平成は現代人にとって“ほどよい懐かしさ”を感じられる時代

 また、『ミニモニ。』などのアイドルの人形は、最近ではあまり見かけない。平成時代には女子高生の間であるブームがあったという。

「タレントの人形自体は、平成に流行っていないですが、天童よしみさんの『よしみちゃん人形』は魔除けになるとうわさになって、女子高生の間で大人気になりました」

こちらは山田邦子(左)と、井森美幸(右)のグッズ。タレントショップは'90年代にブームとなった 撮影:渡邉智裕
平成に活躍したオタク評論家の宅八郎さんもキャラクター人形に 撮影:渡邉智裕

 ほかに、平成ですたれた文化といえば、携帯電話の改造アンテナ。ガラケーに着けるストラップも流行った。

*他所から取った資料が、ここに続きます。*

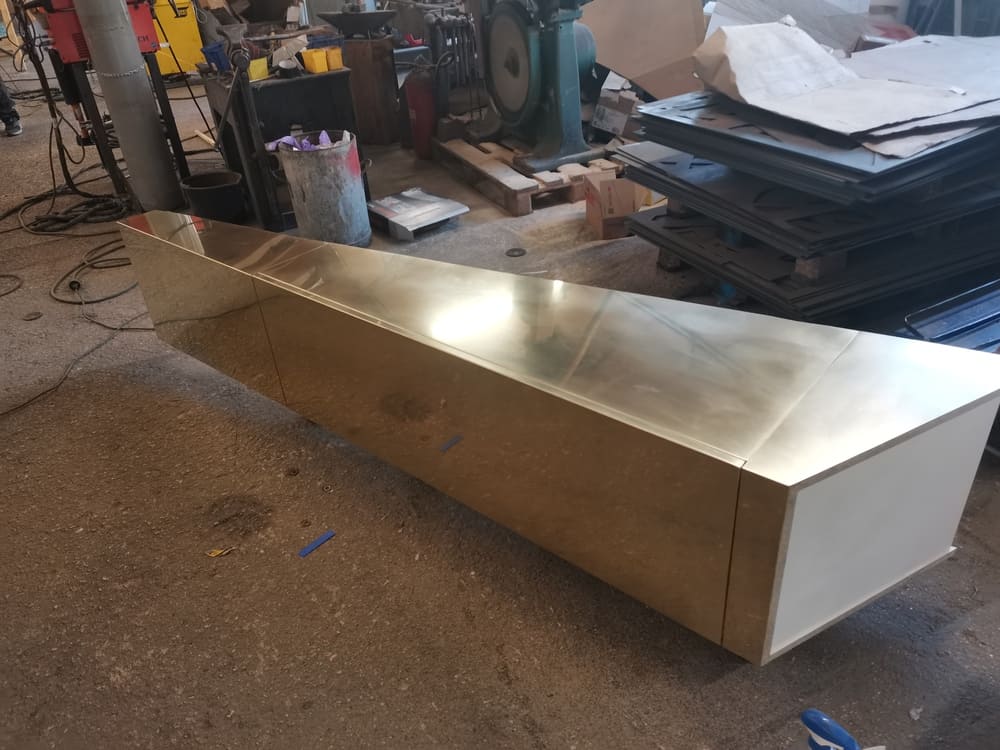 Meuble coffre en bois avec finition en laiton poli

「改造アンテナは、携帯電話が小型化していったころに登場しました。お値段もそこそこするのですが、一部で人気に。自家用車にネオンや光るナンバープレートをつけて個性を演出する感覚に近かったと思います」

90年代後半に登場した携帯電話の改造アンテナ 撮影:渡邉智裕

 山下さんが思う、テレビ番組や音楽などで平成を代表するものは何か聞いてみると……。

「平成の始まりを象徴する番組と考えたら、『平成名物TVいかすバンド天国』(TBS系)でしょうか。あとは、ダウンタウンやウッチャンナンチャンらが出演していた『夢で逢えたら』(フジテレビ系)。これは、昭和が終わる少し前に始まっています。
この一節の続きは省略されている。